Crawled caption data
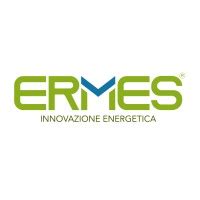 ERMES SERVIZI SRL Company Profile .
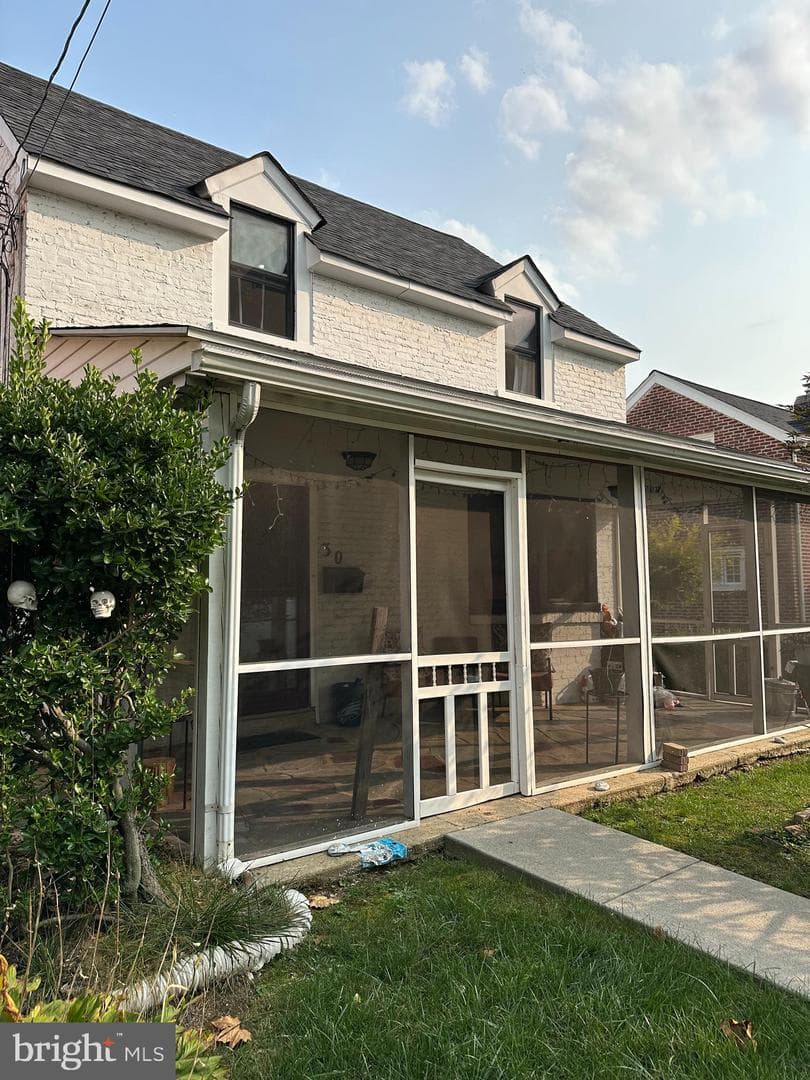 30 E Providence Road photo 3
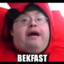 BEKFAST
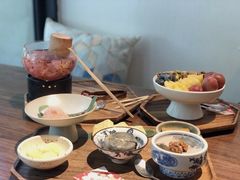 -朴物良社(东明锦园店)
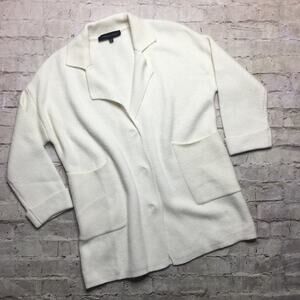 Endless Rose Cardigan in Cream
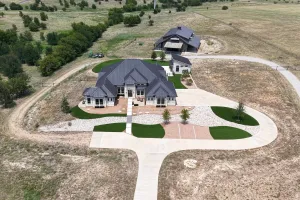 Crowley, TX 76036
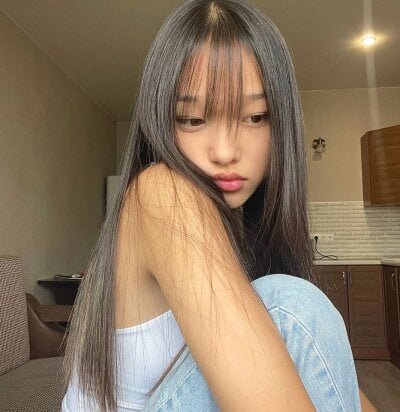 LeeenMoon - cheapest privates asian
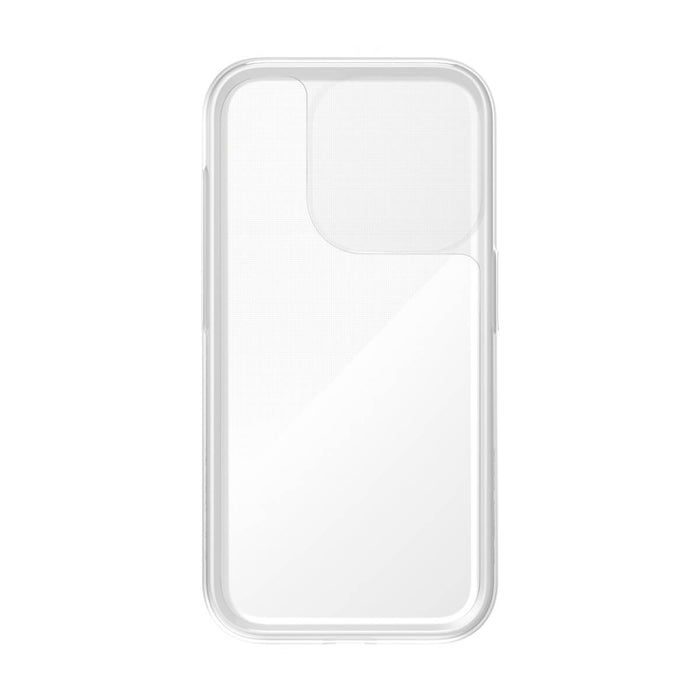 Proteção à Prova de Água QUAD LOCK - iPhone 15 Pro Max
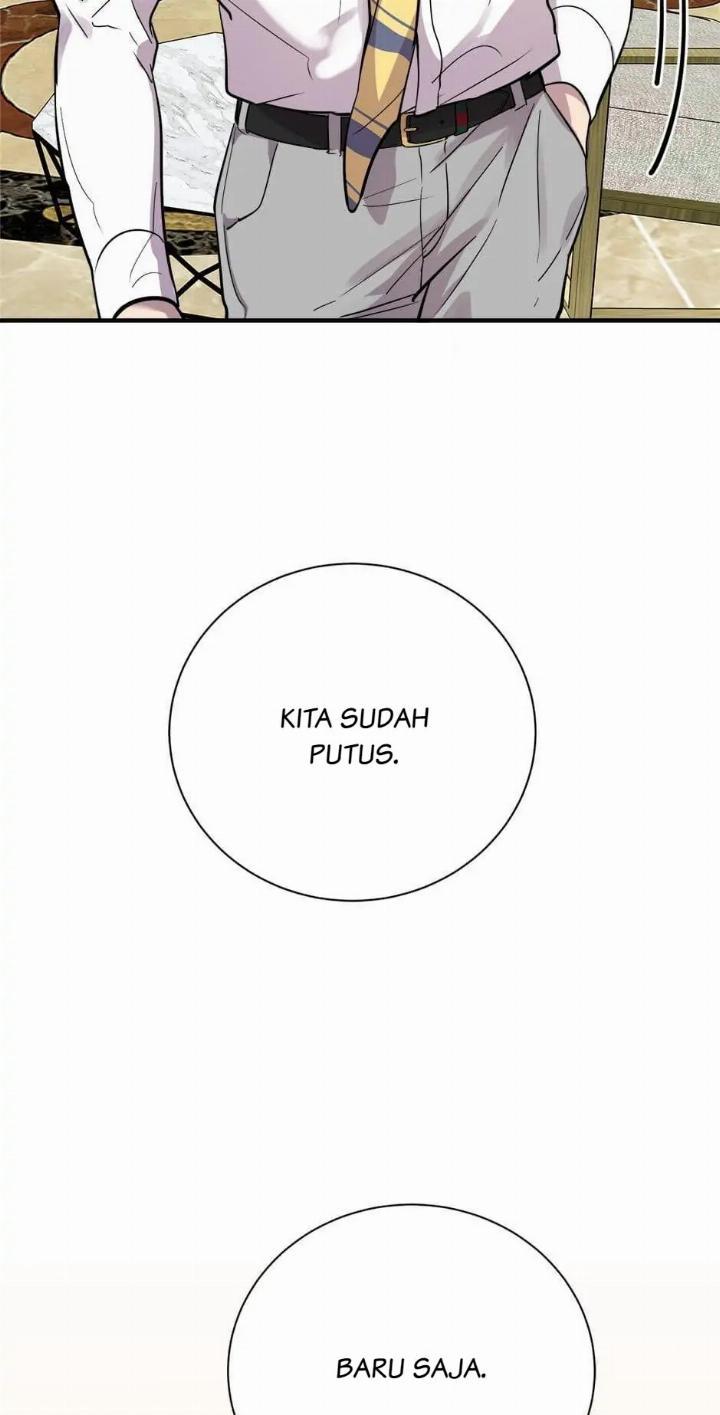 He Can't Be This Dumb! Chapter 22 - halaman 4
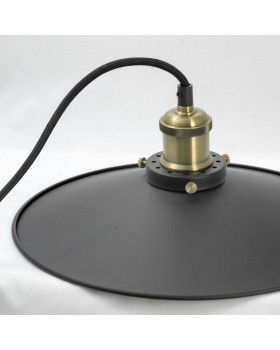 Подвесной светильник Lussole LSP-9601-3L-foto4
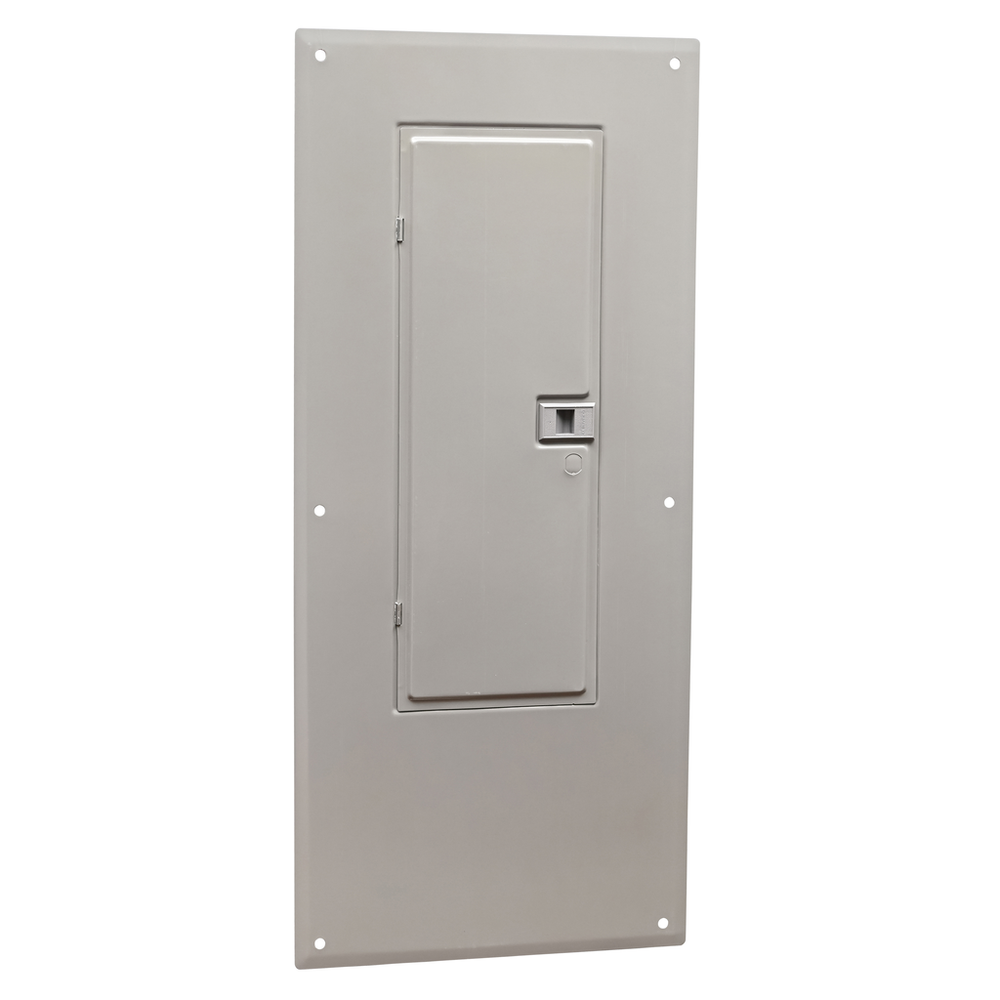 Image of Schneider Electric QOC402UC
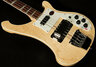 Rickenbacker 4003/4 , Mapleglo: Free image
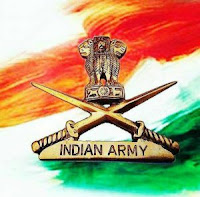 Indian Army Recruitment 2021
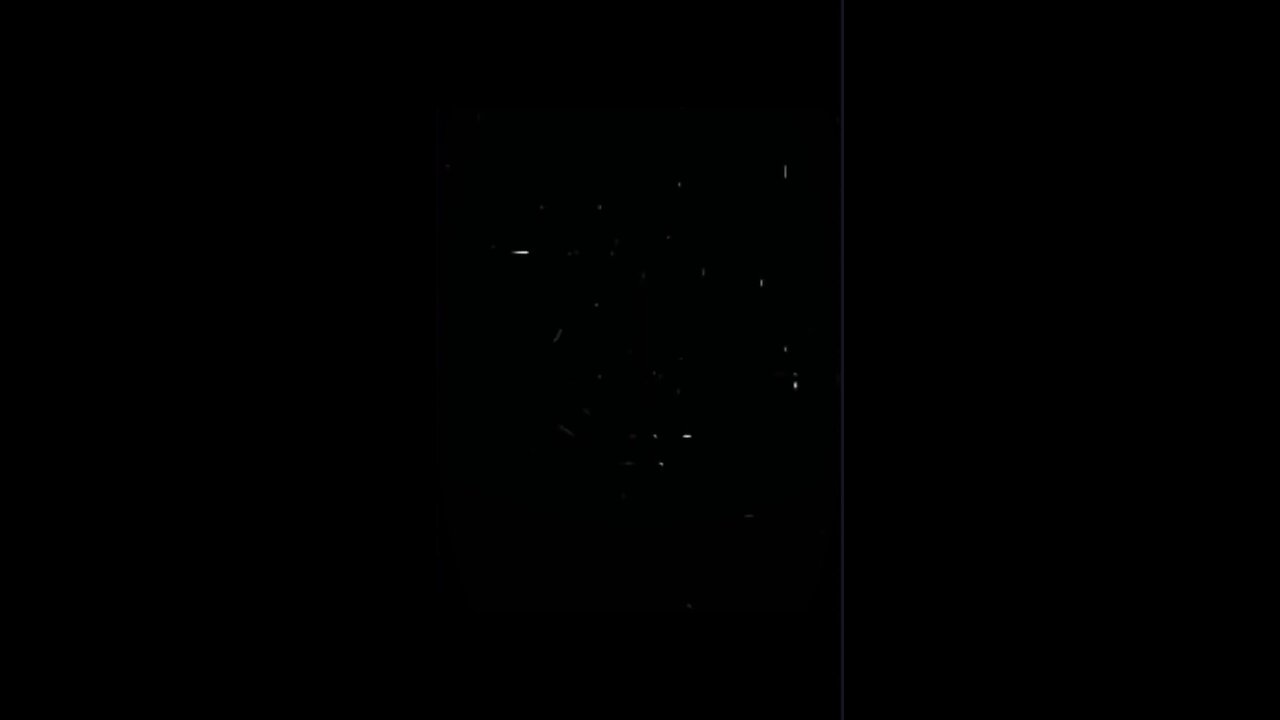 105/365 días | Ando traumao con esa canción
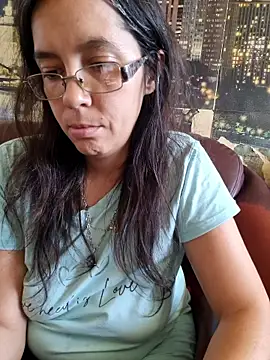 rposhta1991's Live XXX Chat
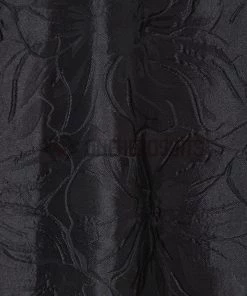 OneHeroSuits Resident Evil Village Cosplay Costumes Daniela Black Cosplay Suit 45 OneHeroSuits Resident Evil Village Cosplay Costumes Daniela Black Cosplay Suit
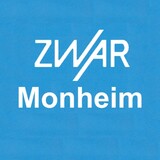 ZWAR–Gruppe Altstadt, Berliner Viertel und Zaunswinkel trifft sich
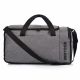 7. Torba fitness Meteor Odyn 16897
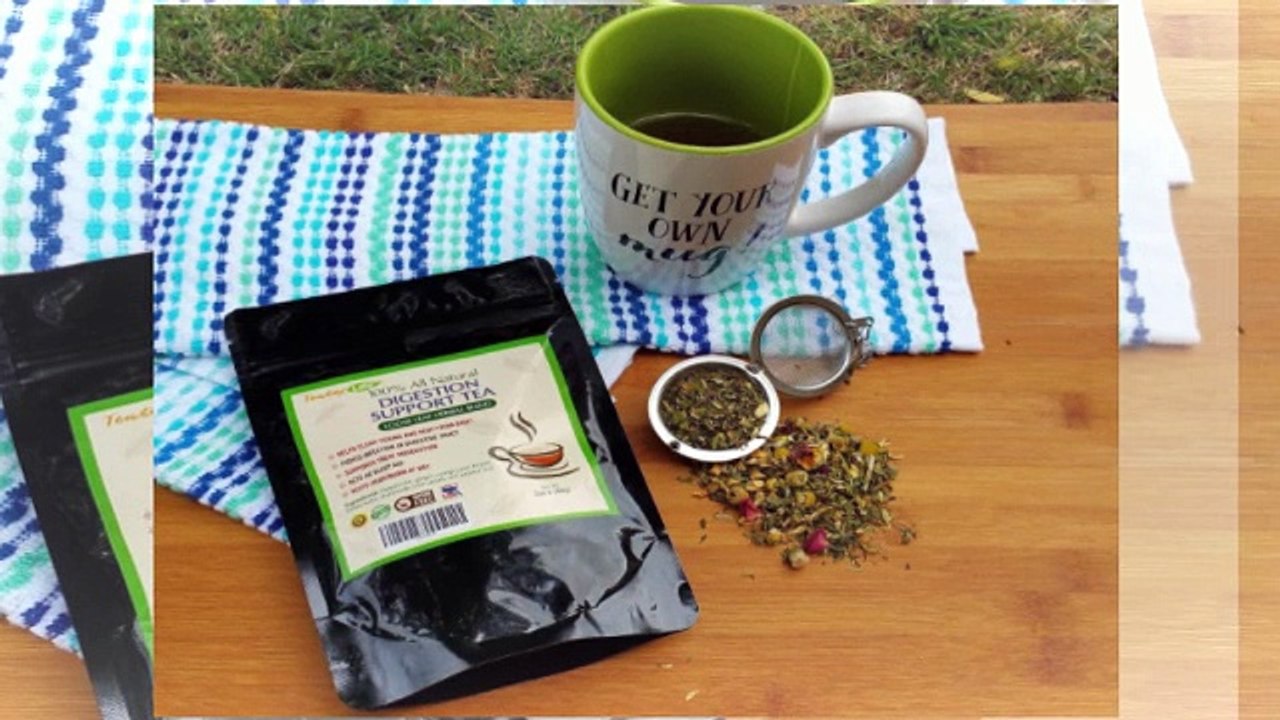 How To Cleanse Your Liver And Kidneys Naturally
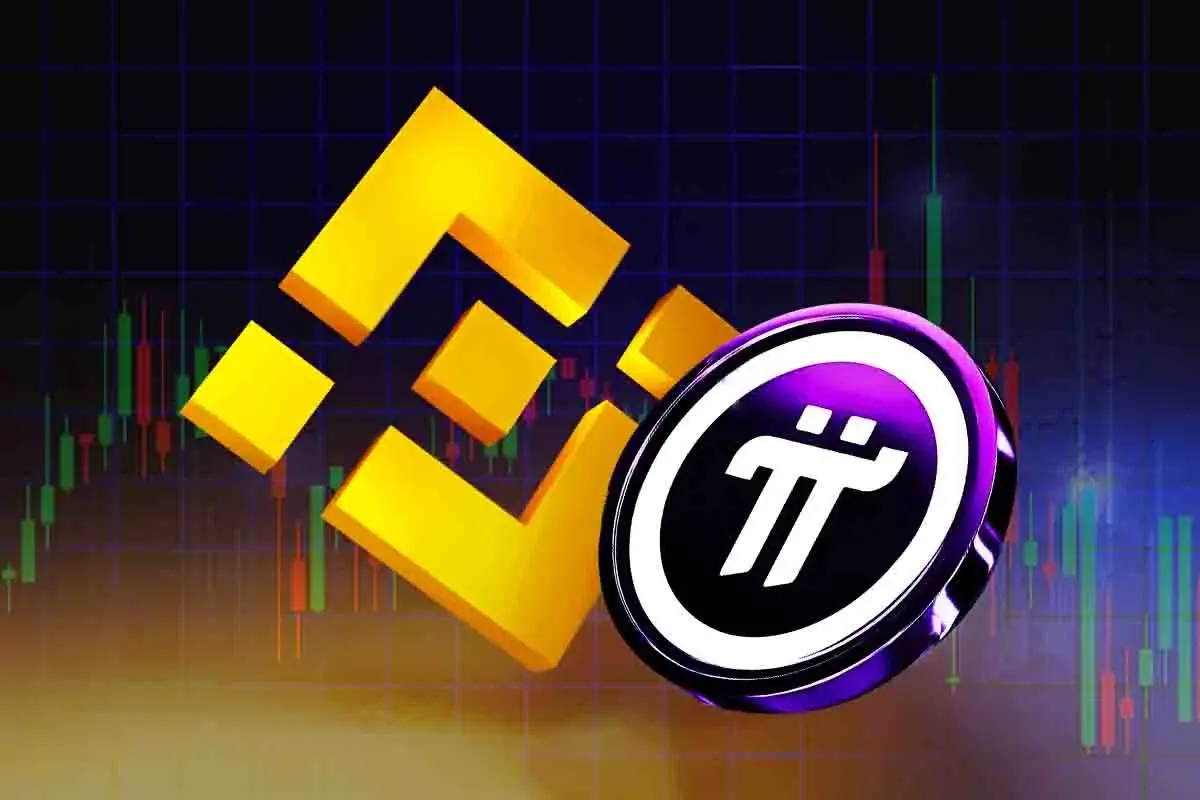Why was the Binance Network? Community members move the primary team star-news.press/wp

-- WORK TO COMPLETE --
Include the first line of the records, the line containing "Indian Army Recruitment 2021", and every line between them, repeated exactly. Skip the pictures.

-- ANSWER AREA --
 ERMES SERVIZI SRL Company Profile .
 30 E Providence Road photo 3
 BEKFAST
 -朴物良社(东明锦园店)
 Endless Rose Cardigan in Cream
 Crowley, TX 76036
 LeeenMoon - cheapest privates asian
 Proteção à Prova de Água QUAD LOCK - iPhone 15 Pro Max
 He Can't Be This Dumb! Chapter 22 - halaman 4
 Подвесной светильник Lussole LSP-9601-3L-foto4
 Image of Schneider Electric QOC402UC
 Rickenbacker 4003/4 , Mapleglo: Free image
 Indian Army Recruitment 2021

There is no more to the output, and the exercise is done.